Things that The Gila’s do to earn funds include:

AZ Tax Credits - Parents get write off on taxes
Candy Sales -
Car Washes -
Wal Mart Matching Funds for funds raised
Cookie Sales
Working at School Events - Cafeteria, Games
Auction -

Just to name a few - help us find more…

PLEASE LIST IDEAS TO HELP TEAMS EARN MONEY

Our team is trying a candy sale…should be interesting, although we have to write a proposal out first, we plan to buy tons of candy in bulk (assorted hard candy, chocolate, fruit chews, lollipops, gum especially), put them into “candy bags” and sell them.

Here in MI there is a big deal with recycling, I have had numerous fundraisers come by and ask if they can have any of my cans or bottles. I usually give them all I have in the garage and they get about 10 cents a piece at the grocery store. Its quick, easy and even saves me the hassle of taking them to recycle myself.

We have finally found a good money making fundraiser.
the magnetic body flashers that this company sells move fast.
We make around $400 per football game when we sell these.
Here is the link to thier website http://www.extremeglow.com/
Check it out and try it – sell at bb games or dances or maybe something special for new years – but these seem to sell really well – at least until we saturate our market. If anyone tries this let us know how you do and let them know where you heard of them maybe we can get a discount.

KY

This was actually for our music department, but might work well for first. we had a different twist on the car wash.
The students would go out into the community and get sponsors for however many cars they couls wash in one day. Like a walk-a thon where you’d get sponsored so much per mile.
For example, someone would sponser a kid something like ten cents a car or even a penny or some rediculously small amount like that. However, all the kids needed was about a dollar’s worth of sponsers per car. then they’d have a crazy, free car wash on a Friday as everyone was leaving the student parking lot.
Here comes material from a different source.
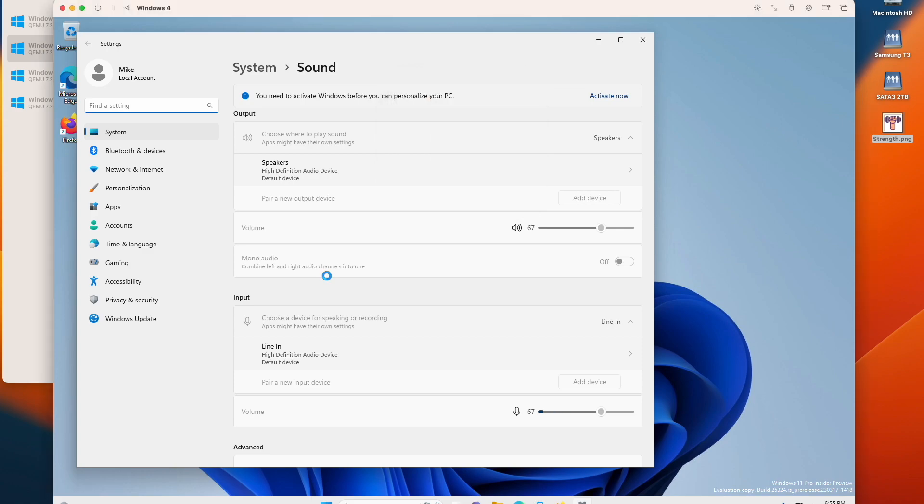And I can talk like this and you can see the microphone volume. So that's about all I have to do.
They’d just go dwown the line in a sort of attack wash formation and wash something like four hundred cars in about an hour. Nobody complained because it was free. then the students went back to thier sponsors and collected the money.

It worked out like this…
Every student who had at least a dollar’s worth of sponsors earned four hundred dollars. Most kids would get about five dollars worth of sponsers per car though. It really adds up.

We raised enough money to buy a Yamaha G5 baby grand piano for the choir room. (about 8-10 grand).
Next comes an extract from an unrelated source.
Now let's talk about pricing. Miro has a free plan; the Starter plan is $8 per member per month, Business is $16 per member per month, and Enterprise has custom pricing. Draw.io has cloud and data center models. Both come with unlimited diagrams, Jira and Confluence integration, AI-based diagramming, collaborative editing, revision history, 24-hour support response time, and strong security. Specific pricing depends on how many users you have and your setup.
only problem with that that i can figure though is the cost of the washing materials and figuring out and proving how many cars each person washed but when you have a team from 2 main high schools that adds up and sounds like a neat idea

*Originally posted by jk2005 *
**only problem with that that i can figure though is the cost of the washing materials and figuring out and proving how many cars each person washed but when you have a team from 2 main high schools that adds up and sounds like a neat idea **

Soap isn’t that expensive, participants brong hoses and sprayers and rags from home, and the sponsorship is based on how many cars the GROUP washed all together.
It was a blast we did it every year. Every time, we got some major improvement to our classroom with the money. One year it was a complete high end stereo/entertainment system for listening to and watching replays of our concerts and music appreciation and theory classes. Another year we got 150 new posture chairs. The year after than the enitire misuc wing was redone with paint, carpet, acoustic tiles, new white boards, and Clavinovas (electric pianos) in the practice rooms.
We also hosted a formal dance in the multi purpose room at the school every fall to raise money for outfits and sheet music.
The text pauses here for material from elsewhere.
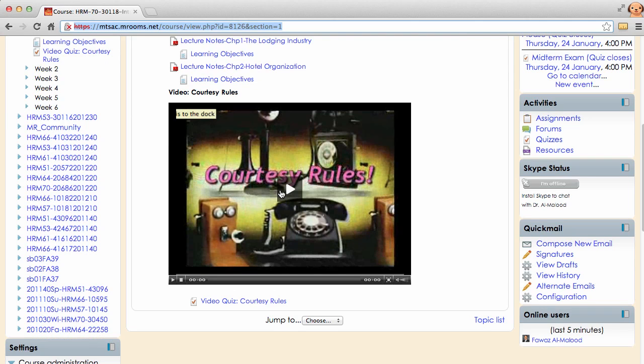Now if you choose to continue using Chrome, you will need to continue to click on that shield every time you log into Moodle Rooms and you're not able to watch a video. That's one of the drawbacks with using Google Chrome for this particular course.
Bagging Fundraisiers (bag peoples groceries at a local supermarkets; "waldbaums,pathmark, keyfood etc

Running Marathons (e.g. NYC Marathon - be a clean up volunteer)

Mini Running Marathons (same job as above)

The proceeds will go to the team itself. split it in half.

Half goes to the student portion which is divided amongst how many hours was worked by each student and the other hald of the proceeds will go towards team needs - e.g. shirts, jackets, buttons, robot materials etc…

thats all i can up with for now.

Our band (and soon, hopefully robotics) sells Krispy Kreme dohnuts at school. They have a few hundred boxes of them come to the school monthly. They sell $5/box and 12 in a box. I’m not totally sure on the profit on them, but I may be able to find out soon enough.

Comments: I REALLY like that idea of the carwash-a-thon! The bagging idea is cool too but that wouldn’t work out here in cali where there are bag boys.

Anyway, here’s something I posted a long time ago…
Well for those who need quick cash (lets say you need an expensive part soon) there’s always the bakesales (we made a nice $100 in one day), See’s Candy Sales, selling rootbeer floats, and carwashes. The only problem is that every other club at the school does this.

For more money, it takes a little more preparation. Our big student fundraising event is putting together a dinner, ours is actually next week. All the parents make pasta and one of my teammate’s dad is a chef so he makes the sauces. Another dad is big on garlic bread so he just prepares bread like there’s no tomorrow. Put some tablecloths on tables in the school’s cafeteria, display your robot and show it off by running it around, and put together video clips of your robot…and voila, you got yourself a good fundraiser. We charge $8 a person (team members get in free of course because they’re all gonna be working). We give two tickets to the presidents of companies who sponsor us to show our appreciation and they can purchase more tickets if they want their kids or friends to come or something. The kids that our team mentored for lego league are also really eager to come…and so are their parents…and so are our parents…and so are the administration. Tons of people bought tickets just to support us even though they could not attend that day. You get the picture, lots of people = lots of money. Each person has to sell at least 3 tickets. So if I do my math right and everyone sells the bare minimum, our class is making around $1000. Thats about how much money we raised last year and our team was half as small and just a loosly structured club.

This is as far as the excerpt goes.